Although he couldn’t reveal details, the 34-year-old single dad said that his next appearance on the show, set for 9 p.m. Tuesday, Aug. 20, is the most dangerous he’s performed on the show so far.
“I can say this,” Johnson teased in a recent phone interview. “This next one’s big. The next one is real big and it’s the most dangerous one yet. I don’t know how it’s going to translate on camera, [but] it is by far the most dangerous stunt that I will have done to date.”
On his first appearance, Johnson climbed atop an 80 foot sway pole set up outside the show’s studios, and then, completely untethered, did a handstand. For his second performance, he doused his signature top hat with gasoline and lit it on fire, before pouring gasoline over his head, and putting the hat back on. He then climbed up onto a slack line stretched across the stage, proceeded to mount a unicycle and then juggled three batons, which also were on fire.

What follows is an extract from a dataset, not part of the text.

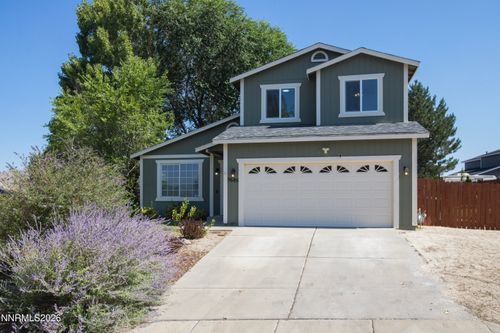 5689 Peach Ct, Sun Valley, NV, 89433-6520 | Card Image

“This next routine, it’s the first act that I bought when I was 19 years old and I performed it for three years,” said Johnson, who now lives in Vermont. “I quit performing it partly because it’s so dangerous, and partly because other opportunities were coming up in the performing world.”
Without revealing specifics, Johnson, a 1998 Houlton High School graduate, explained that he purchased the original equipment for the act from an old Swedish performer.
“This act was considered the most dangerous act on the fair circuit,” he said. “There’s only approximately six people who ever performed it. Of those six people, two of them died.”
When Johnson found out he was advancing in the eighth season of the “AGT” competition and would be performing on New York City’s infamous Radio City Music Hall stage, he knew he had to do something big. He decided to go back to his performing roots, but since the equipment was so old — it was almost 30 years old when he purchased at age 19 — Johnson had to rebuild most of what was left.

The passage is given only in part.